- _INPUT RECORDS_:
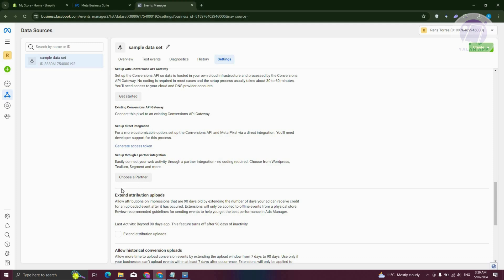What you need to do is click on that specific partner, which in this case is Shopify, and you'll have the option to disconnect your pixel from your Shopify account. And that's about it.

* * *

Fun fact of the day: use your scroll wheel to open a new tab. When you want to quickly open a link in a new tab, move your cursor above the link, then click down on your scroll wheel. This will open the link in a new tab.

==

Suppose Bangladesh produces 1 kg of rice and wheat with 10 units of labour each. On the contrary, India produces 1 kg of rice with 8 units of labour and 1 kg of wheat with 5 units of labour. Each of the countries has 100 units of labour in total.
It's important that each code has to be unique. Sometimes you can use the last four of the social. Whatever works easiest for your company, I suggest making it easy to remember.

- _ACTIVITY_: Considering the records above, state how many lines contain the word "each", with nothing else in your reply.

- _RESPONSE BELOW_: 2